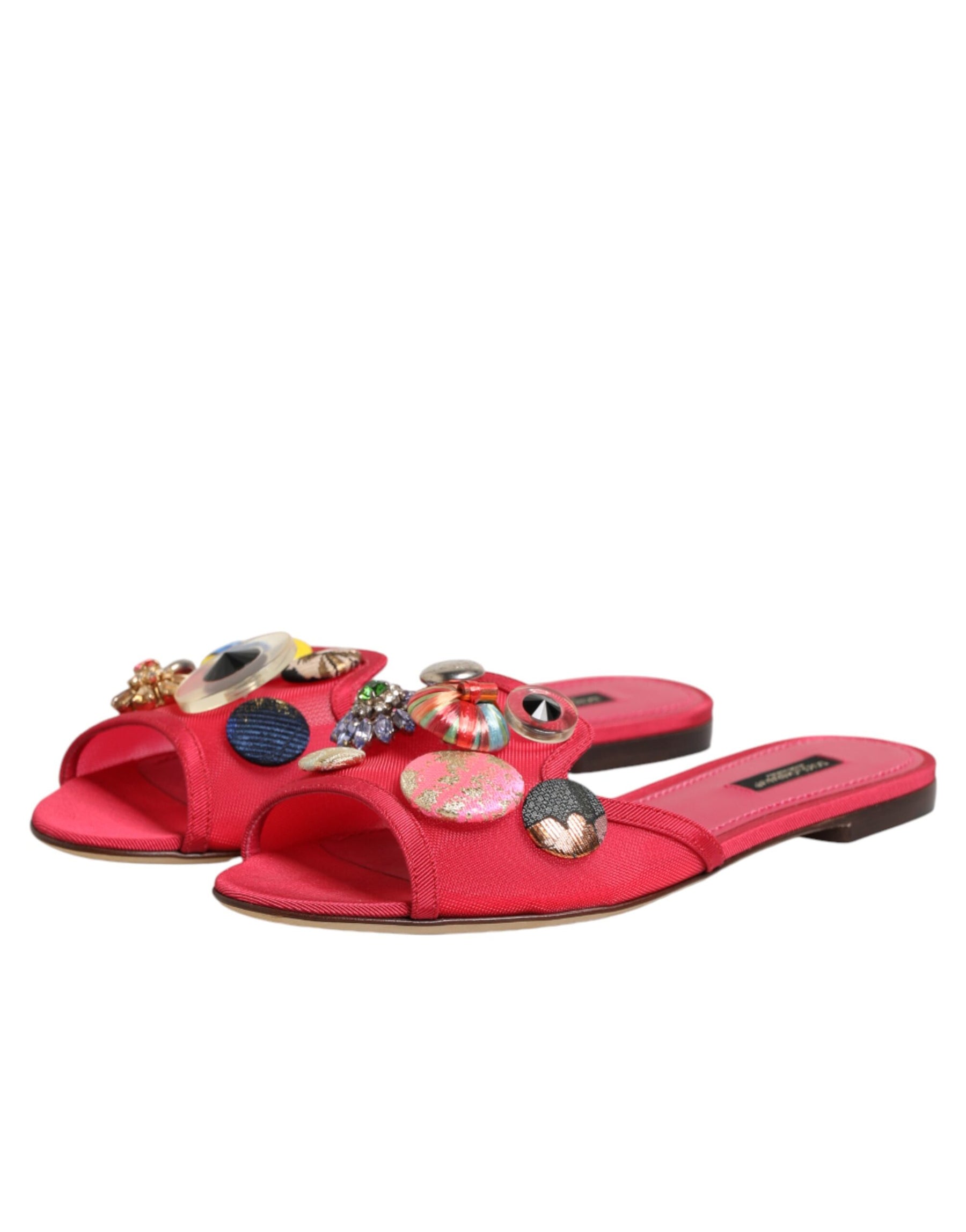 Dolce & Gabbana Red Embellished Flats Slip On Sandals Shoes | Regal Royce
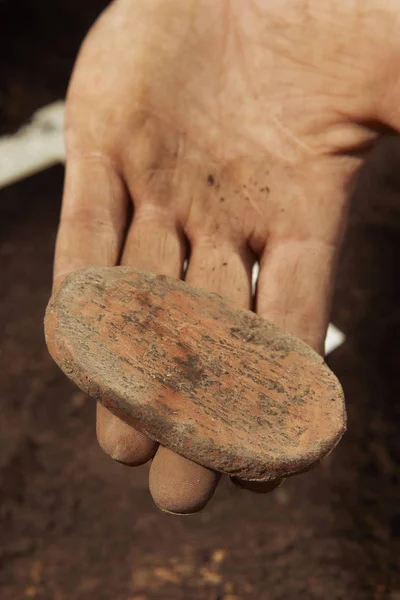 고고학 유적지에서 물체의 발견을 보여주는 자랑스러운 발견자 — 스톡 사진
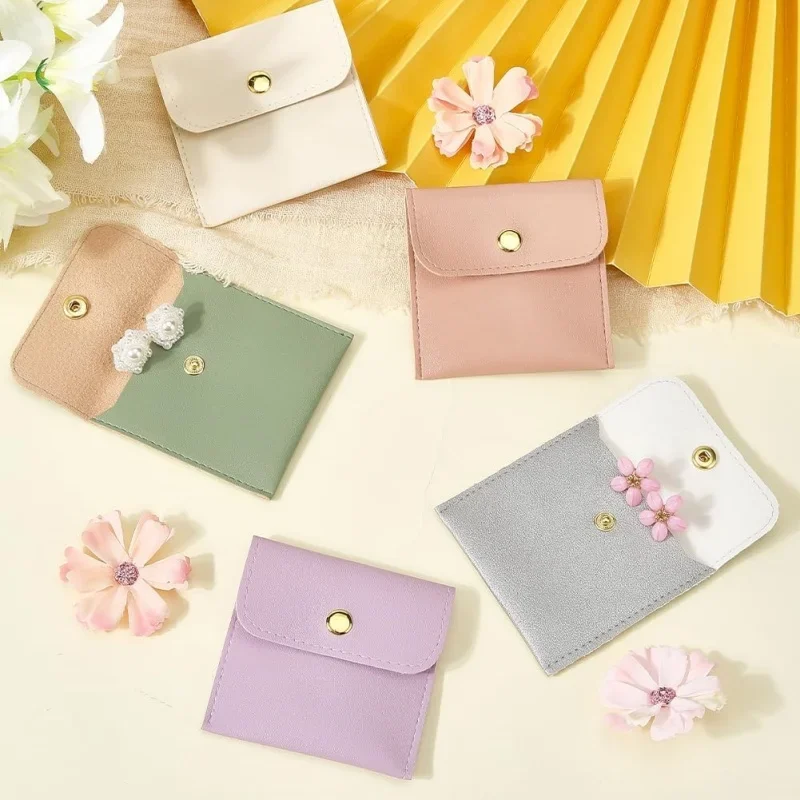 2/5pcs Jewelry storage bag snap bag gift bag necklace ring packaging bag flip bag protective bag data cable earphone bag.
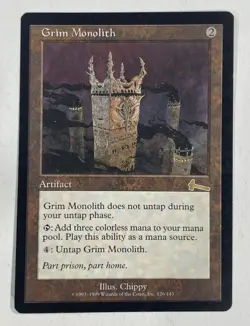 Grim Monolith Urzas Legacy LP Light Play MTG Magic The Gathering B - Image 1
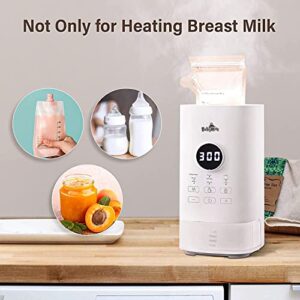 Baby Bottle Warmer, Bottle Warmer for Breastmilk/Formula, 5-in-1 Food Heater, Baby Milk Bottle Warmer with Timer, LCD Display, Accurate Temperature Control, 24H Constant Warming, Power-Off Protection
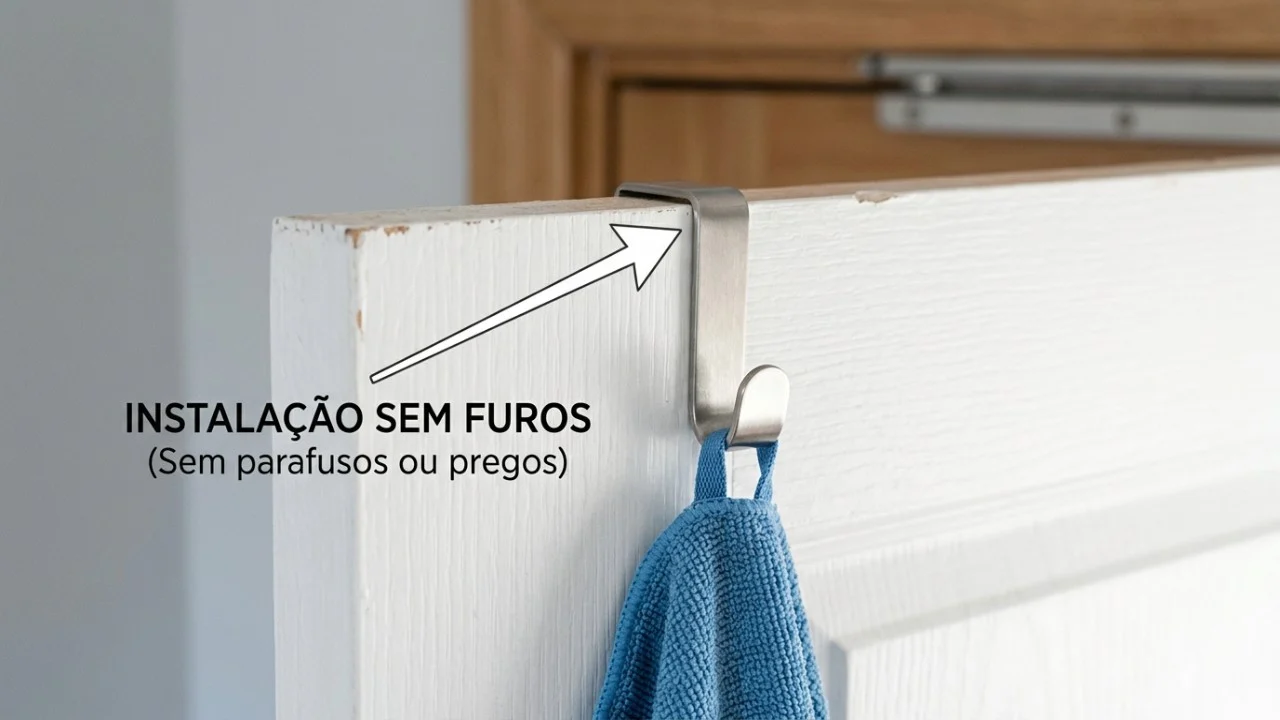 Organizadores suspensos e ganchos removíveis garantem armazenamento vertical prático sem fazer furos.
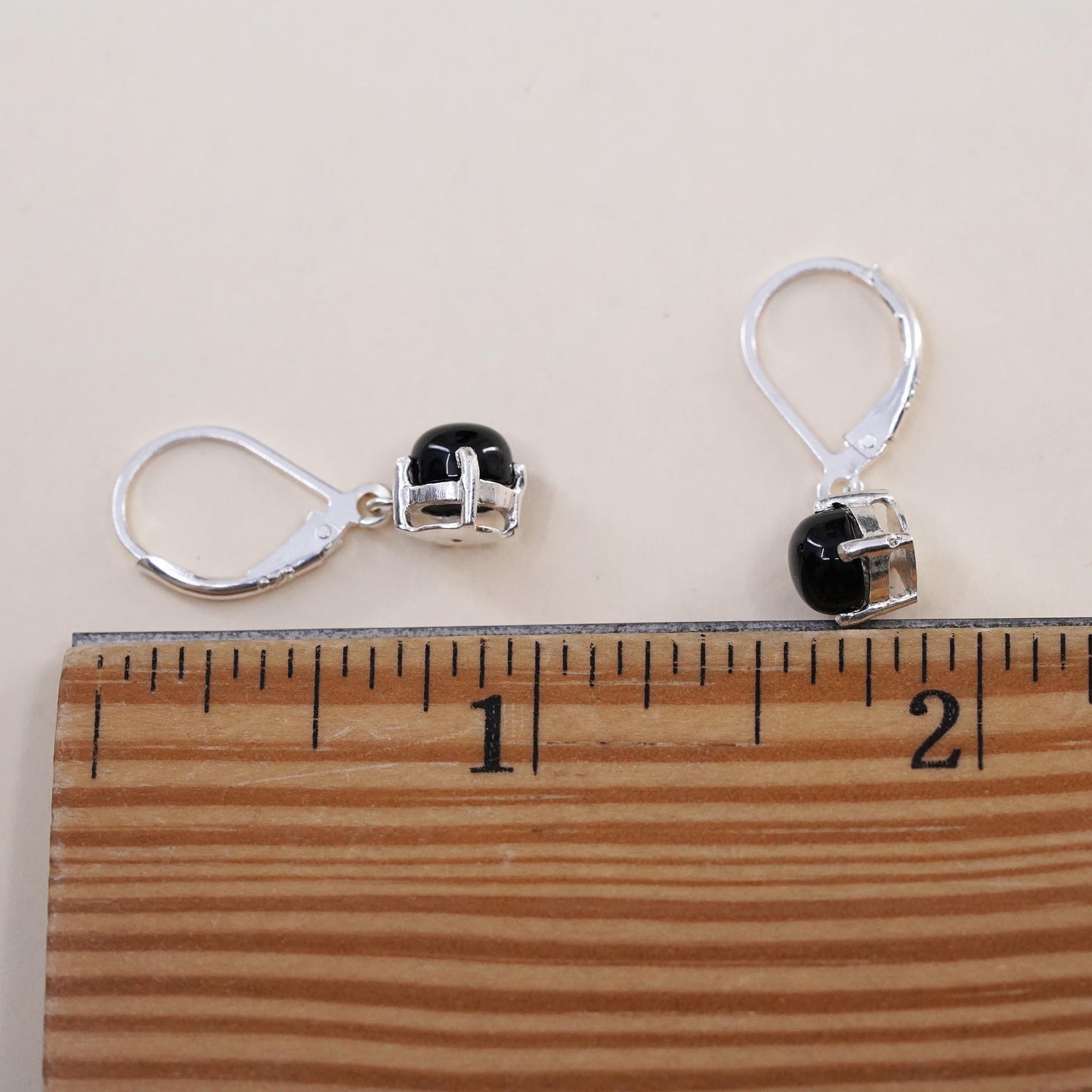 Vintage sterling 925 silver handmade earrings with onyx inlay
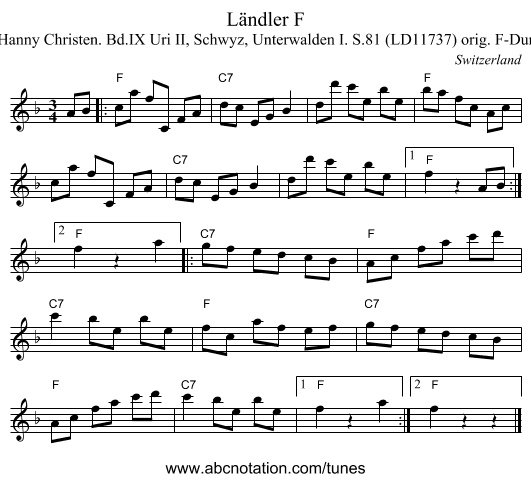 L&auml;ndler F - staff notation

^^^^^^^^

* **Instructions to follow**
Take the lines above from the top of the records through the one with "2/5pcs Jewelry storage" and repeat them exactly, without any pictures.

* **Solution for this exercise**
 Dolce & Gabbana Red Embellished Flats Slip On Sandals Shoes | Regal Royce
 고고학 유적지에서 물체의 발견을 보여주는 자랑스러운 발견자 — 스톡 사진
 2/5pcs Jewelry storage bag snap bag gift bag necklace ring packaging bag flip bag protective bag data cable earphone bag.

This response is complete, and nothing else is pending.